A conversa acabou quando os procuradores perguntaram a Wassef se ele tinha procuração para tratar dos interesses da JBS. Ele respondeu que não naquele momento, mas disse que poderia apresentar o documento depois. O encontro, então, foi encerrado por iniciativa dos procuradores, conforme relato feito a Crusoé por uma fonte primária.

A PGR, àquela altura, defendia oficialmente a rescisão do acordo, algo que aterroriza os irmãos Batista em razão do risco de eles serem punidos nos processos a que respondem.

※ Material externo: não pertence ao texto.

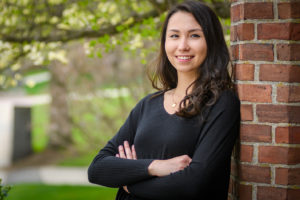 Rachael Chen standing, with arms crossed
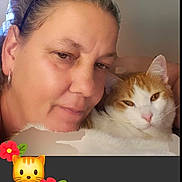 George joined the competition — help win amazing prizes! woman, cat, face, pet, orange_cat, white_cat, close_up, selfie, headband, earring, indoor, portrait, animal, cute, relaxing, feline, human, companion, cozy, affection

A Procuradoria já havia enviado alguns pareceres ao Supremo defendendo a anulação dos benefícios aos delatores. Envolta em polêmicas diversas, especialmente em razão da descoberta de que um dos procuradores que representaram a PGR na negociação vinha atuando também em parceria com um dos escritórios que defendiam a companhia, a delação fechada em 2017 logo passou a ser questionada.

O próprio Rodrigo Janot, responsável por fechar o acordo, chegou a defender sua revogação. A sucessora dele, na PGR, Raquel Dodge, reforçou o pedido junto ao Supremo. Em novembro do ano passado, o próprio Augusto Aras chegou a defender a rescisão em mais um parecer enviado ao Supremo Tribunal Federal. Curiosamente, depois das gestões de Wassef junto ao gabinete do procurador-geral, a PGR passou a considerar a possibilidade de rever sua posição e iniciou, então, tratativas no sentido de repactuar o acordo com a JBS.

O julgamento da anulação da delação no STF, em processo sob a relatoria do ministro Edson Fachin, chegou ser pautado para o último dia 17 de junho, mas acabou adiado. Pouco antes, a PGR reabriu as negociações com a companhia.

Adonis Callou deixou o grupo de trabalho da Lava Jato em janeiro deste ano, por divergências com Augusto Aras – ele alegou falta de autonomia para atuar e apontou, nos bastidores, interferências do gabinete do PGR nos trabalhos da equipe da Lava Jato.

Para o lugar dele, Aras chamou uma subprocuradora-geral de sua absoluta confiança, Lindôra Araújo, a mesma que tempos depois, entraria em colisão frontal com as forças-tarefas da operação. Hoje, é Lindôra quem negocia, junto com Aras, a repactuação da delação.